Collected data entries
....

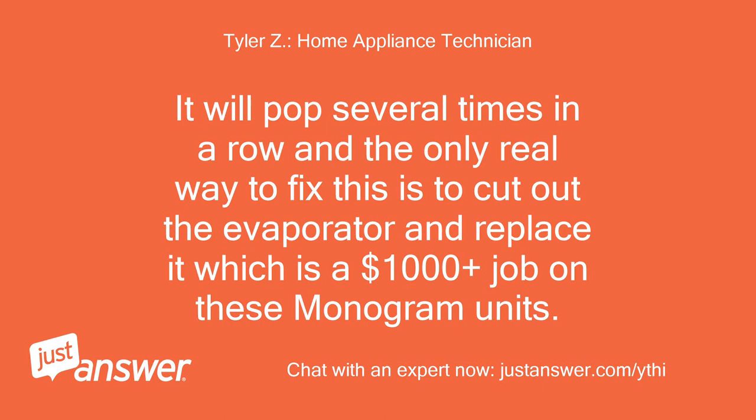It will pop several times in a row, and the only real way to fix this is to cut out the evaporator and replace it, which is a $1,000-plus job on these Monogram units.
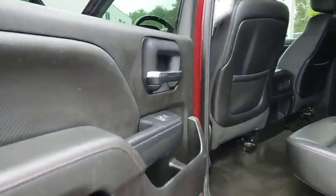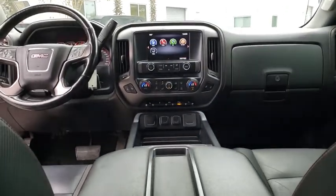Here are some of this vehicle's great options: backup camera, anti-lock braking system, power passenger seat, tow hitch, stability control, traction control, keyless entry.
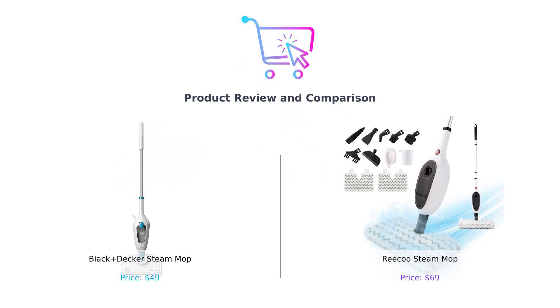Welcome back to Buy Smart, the channel where we help you spend your hard-earned cash like a pro. Today, we're diving deep into the steamy world of steam mops.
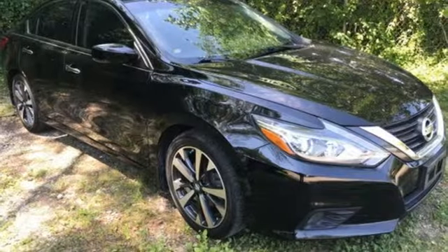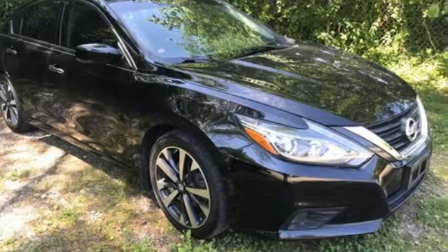Innovation. Excitement. Nissan. Driving is believing. Test drive it today.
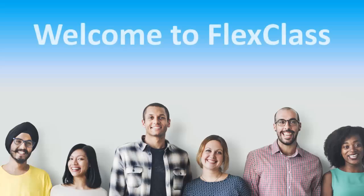Welcome to FlexClass. This presentation will give you an idea of what FlexClass is about. If you have any questions after watching this presentation, please see an Educational Assistant.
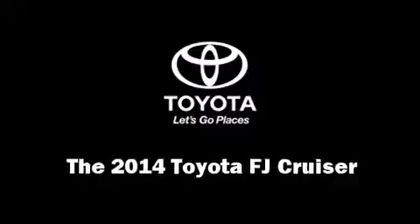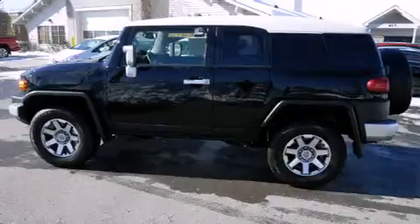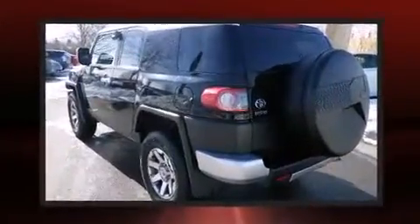Come test drive this 2014 Toyota FJ Cruiser. It features four-wheel drive capabilities, a durable automatic transmission, and a four-liter six-cylinder engine.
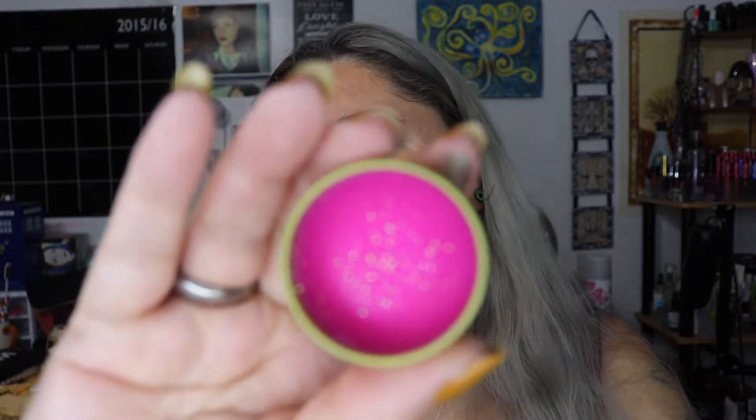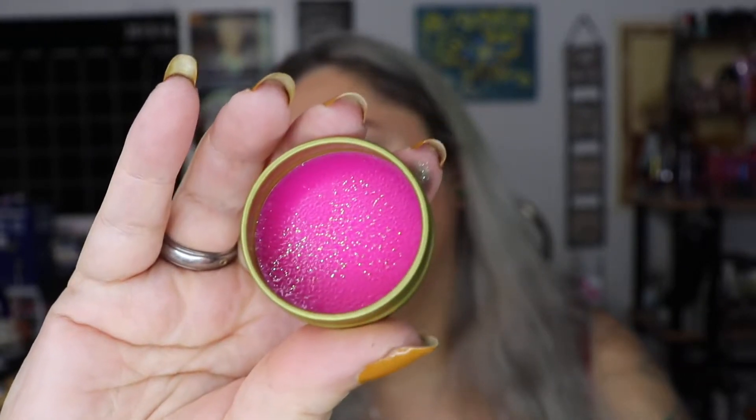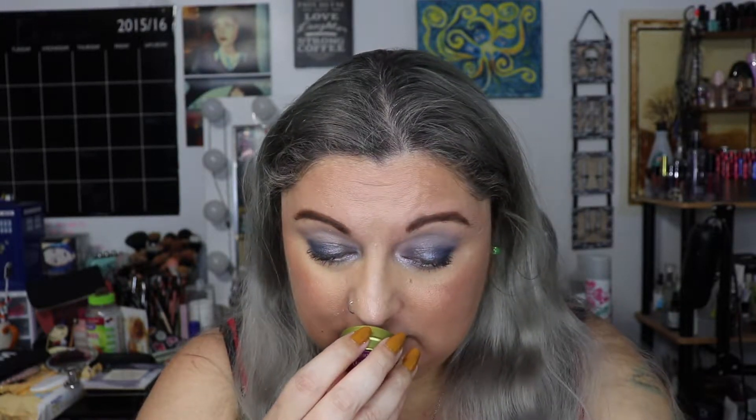The next thing in the box is Unicorn Farts Lip Sparkle. It retails for $10.00. This is what it looks like — it's basically a pink lip balm with glitter. It smells like cotton candy though, so I do like that. That smells good.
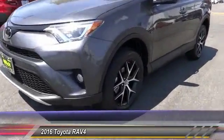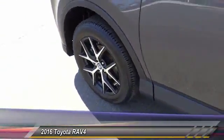If you like it online, you'll love it in your driveway. Take it for a spin today.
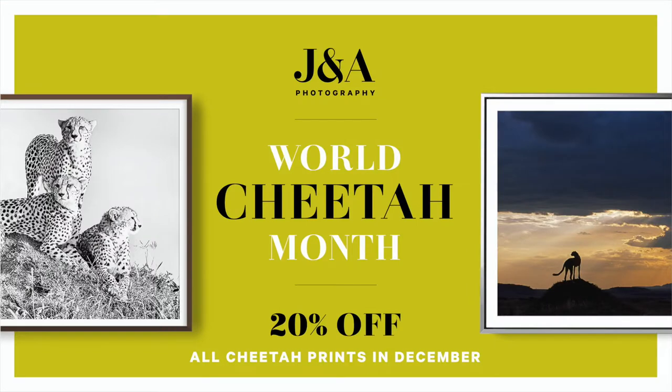So there you go — cheetahs. Remember, from the 4th of December, which is World Cheetah Day, through World Cheetah Month and to the end of the month — 20% off any of our fine art cheetah prints, limited or open edition. Just snap it up, get one of those cheetah pictures, put it on your wall. You won't regret it — best Christmas gift you could give yourself. In doing so, you will be helping raise funds, as 10% of the profits will go to the Cheetah Conservation Fund, who do an incredible job ensuring a future for those last remaining 7,000 cheetahs in the world. Take care, happy Christmas, bye from us.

....

_Requirement_
Could you restate the entries word for word, skipping any pictures?

_Exercise output_
It will pop several times in a row, and the only real way to fix this is to cut out the evaporator and replace it, which is a $1,000-plus job on these Monogram units.
Here are some of this vehicle's great options: backup camera, anti-lock braking system, power passenger seat, tow hitch, stability control, traction control, keyless entry.
Welcome back to Buy Smart, the channel where we help you spend your hard-earned cash like a pro. Today, we're diving deep into the steamy world of steam mops.
Innovation. Excitement. Nissan. Driving is believing. Test drive it today.
Welcome to FlexClass. This presentation will give you an idea of what FlexClass is about. If you have any questions after watching this presentation, please see an Educational Assistant.
Come test drive this 2014 Toyota FJ Cruiser. It features four-wheel drive capabilities, a durable automatic transmission, and a four-liter six-cylinder engine.
The next thing in the box is Unicorn Farts Lip Sparkle. It retails for $10.00. This is what it looks like — it's basically a pink lip balm with glitter. It smells like cotton candy though, so I do like that. That smells good.
If you like it online, you'll love it in your driveway. Take it for a spin today.
So there you go — cheetahs. Remember, from the 4th of December, which is World Cheetah Day, through World Cheetah Month and to the end of the month — 20% off any of our fine art cheetah prints, limited or open edition. Just snap it up, get one of those cheetah pictures, put it on your wall. You won't regret it — best Christmas gift you could give yourself. In doing so, you will be helping raise funds, as 10% of the profits will go to the Cheetah Conservation Fund, who do an incredible job ensuring a future for those last remaining 7,000 cheetahs in the world. Take care, happy Christmas, bye from us.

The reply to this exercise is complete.